Both issues were resolved very quickly by the Yarn team. I then ran into a problem where the post-install build steps could not run in a locked-down corporate security environment, and that issue was also addressed very quickly, with the Yarn team putting up a PR that tried different process launching approaches and iterating until one worked for me.
Having sorted out those issues, I was able to move on to actually following the steps in the Yarn v2 migration guide [0]. The steps worked basically as advertised. The `@yarnpkg/doctor` tool identified several places where we were relying on imports that hadn't been strictly declared, so I fixed those. Starting up the app caused some thrown errors as other non-declared imports were hit, so I kept iterating on fixing those.

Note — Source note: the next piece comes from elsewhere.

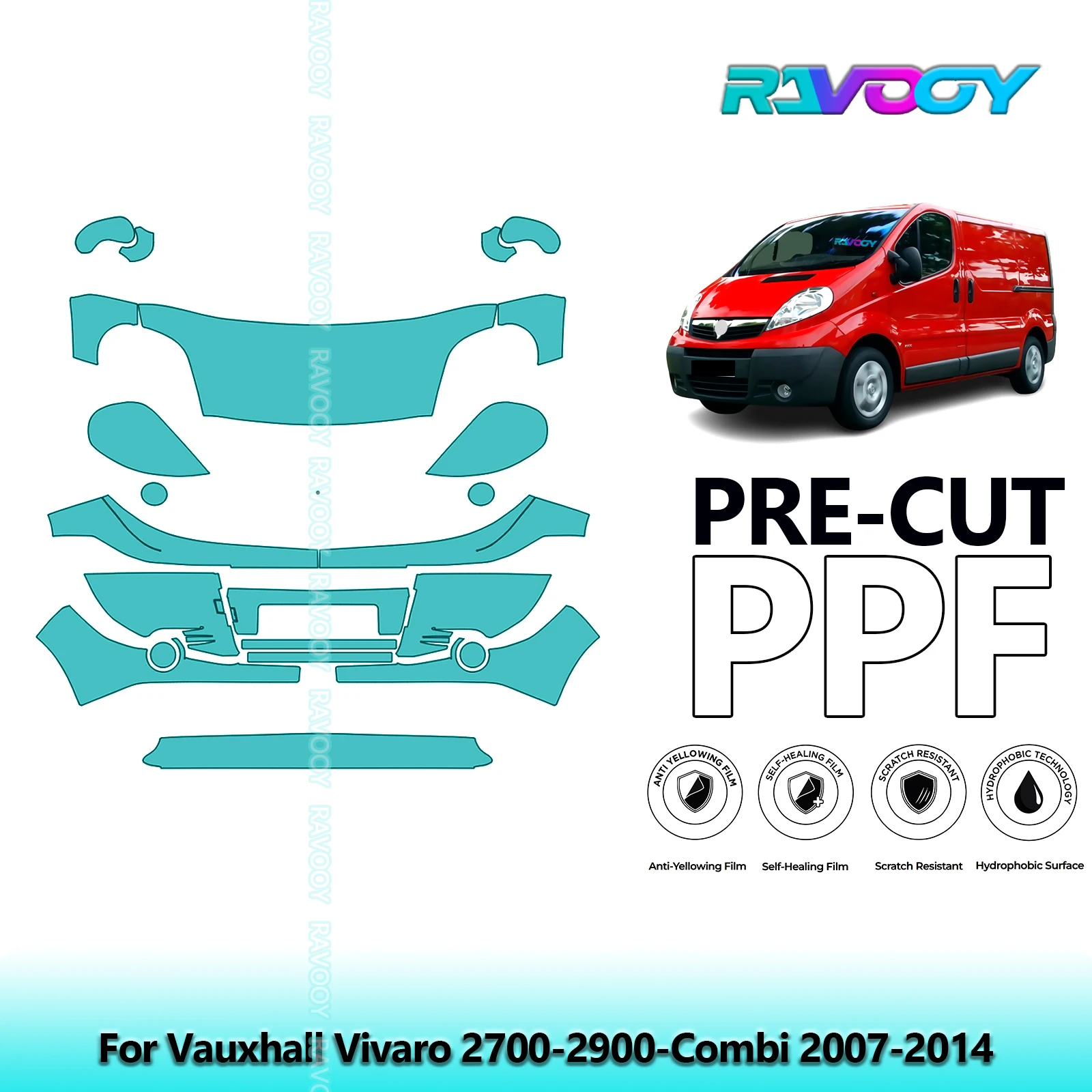 RAVOOY Custom-Fit Precut TPU PPF Front Kit Clear Bra Stone Guard EU UK For Vauxhall Vivaro 2700-2900-Combi 2007-2014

I also used the `@yarnpkg/pnpify --vscode` option to generate some kind of settings file for VS Code, and added the suggested "zip file system" extension to VS Code. That allowed me to right-click a library TS type, "Go to Definition", and show a file that was still packed in a package tarball.
I had to switch off to other tasks and haven't had time to go back and finish trying out the migration. But, parts of our codebase were running correctly, and it looked like I just needed to finish out the process of checking for any remaining non-declared dependencies.
Can't vouch for how this would work out in production or a larger build setup, but things looked promising overall.
I've had a few issues using pnpm with other tools (Renovate, Dependabot, etc.) but at least with Renovate the issues have / are being worked out. I'm happy with pnpm so far and will continue to adopt it incrementally as it's popularity grows.